La gastronomía y el cine flirtean desde hace algún tiempo, en una relación como de matrimonio de conveniencia entre el nuevo rico y la marquesita venida a menos.

Unos suben y otros bajan, y se cruzan en un punto en el que se interesan mutuamente porque uno pone el caché y el otro, el pedigrí. En la última década se han publicado numerosos libros que relacionan al cine con la cocina —o con el vino, o con la coctelería— y un festival como Cinegourland —¿cómo llevas la próxima edición, Pepe?— ha sido imitado con convocatorias similares en Barcelona o en Canarias. En torno a la Bienal de Venecia hay una considerable movida enoculinaria y La Berlinale incluye en su programación un apartado dedicado al cine gastronómico que este año importará el Festival de San Sebastián en colaboración con el Basque Culinary Center.
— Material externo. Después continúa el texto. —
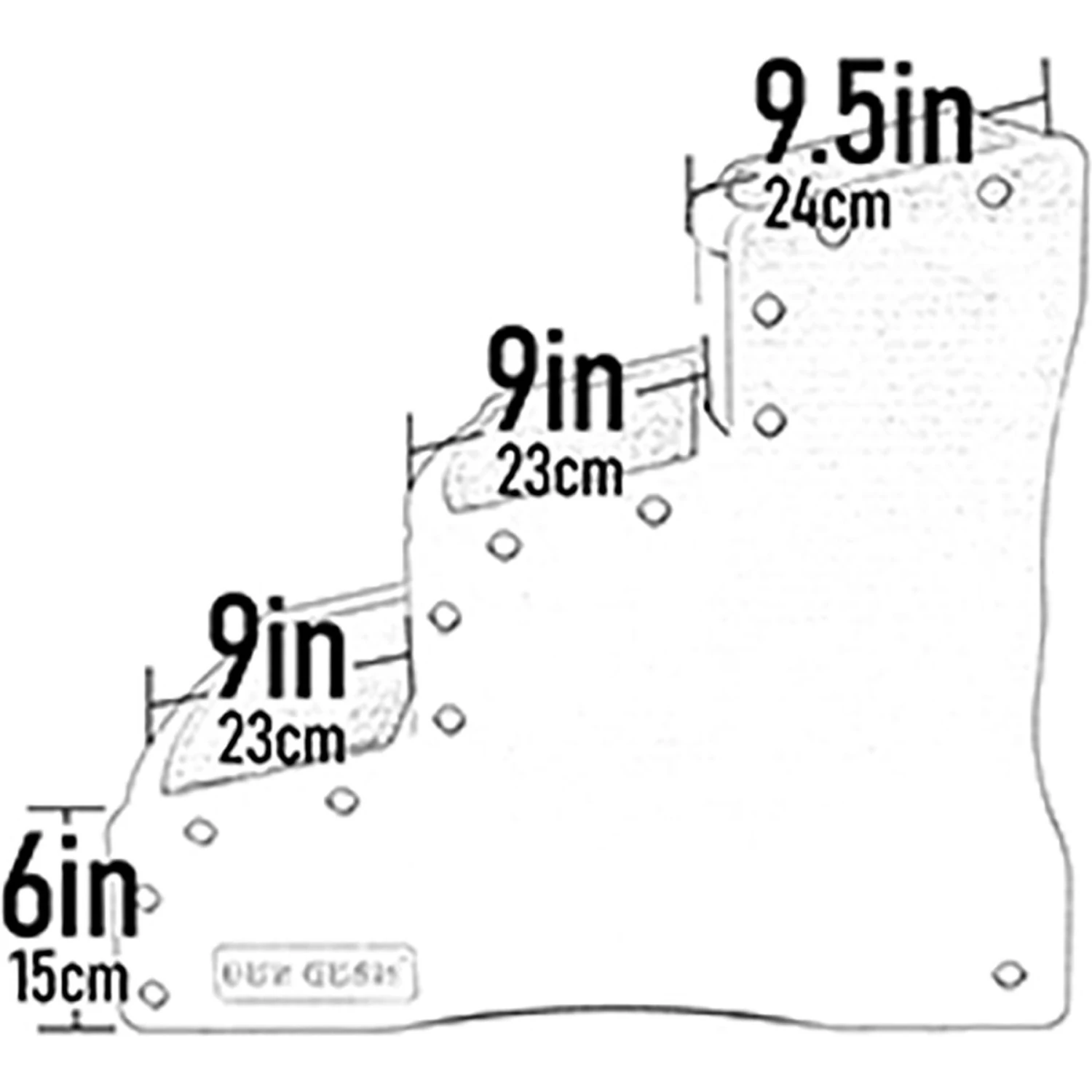 Pet Gear Easy Step III Extra Wide Cat & Dog Stairs - Image 3
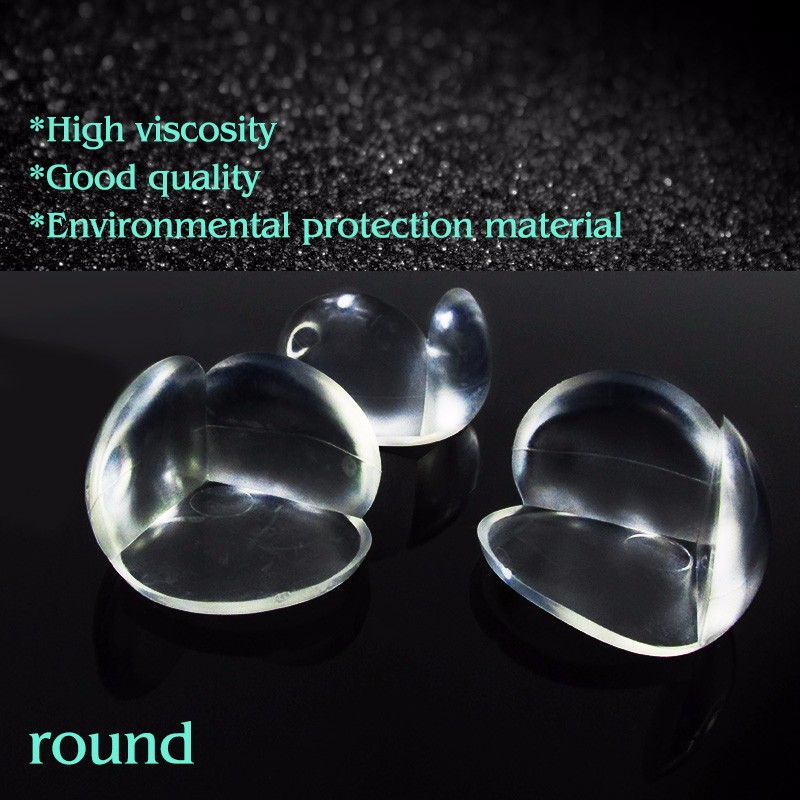 Baby Safety Table Corner Protector Transparent Anti-Collision Angle Protection Cover Edge Corner Guard Child Security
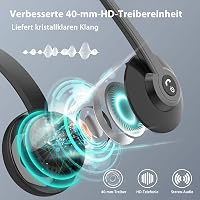 Earbay Bluetooth Headset Mikrofonnal, USB Adapterrel és Töltőállomással 6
Sin embargo, el cine español no ha explotado en general el tirón de nuestra cocina, pese al estreno en los últimos años de un par de películas gastronómicas. De la ceremonia de entrega de los Premios Goya, que se celebró en el mismo Palacio de Congresos que Madrid Fusión, trasciende hasta el nombre del modisto que viste a cada estrella, pero no el del cocinero que prepara el catering. Tampoco se habla apenas de lo que se comió y se bebió en los múltiples eventos previos, posteriores o colaterales, en los que participaron, por ejemplo, conocidas marcas de ron o de champagne, edición limitada incluida.

El encanto decadente del cine y el glamour esnob de la gastronomía se complementan, pero la Academia de las Artes y las Ciencias Cinematográficas de España —que, paradójicamente, no es Real como la de Gastronomía— ni siquiera tiene la picardía de enredar en sus cosas a Ferran Adrià: por ejemplo, nominando a los Goya alguno de los supermegadocumentales que le dedicaron TVE o TV3. Sería una forma de “refrescar” la añeja prosapia del séptimo arte con el prestigio emergente de lo gastronómico.

El caso es que, si el cine español no se beneficia de la proyección de la cocina española, la farándula gastronómica sí avanza hacia la madurez —¿previa a la descomposición?— en la que sin duda puede aprender mucho del mundillo del cine, con sus críticos, sus estrellas, su talento, su vanidad, sus genios, sus entendidos, sus frikis, su querencia a los favores políticos y las subvenciones… Y con las intrigas cortesanas que necesariamente acaban urdiéndose en torno a todo eso.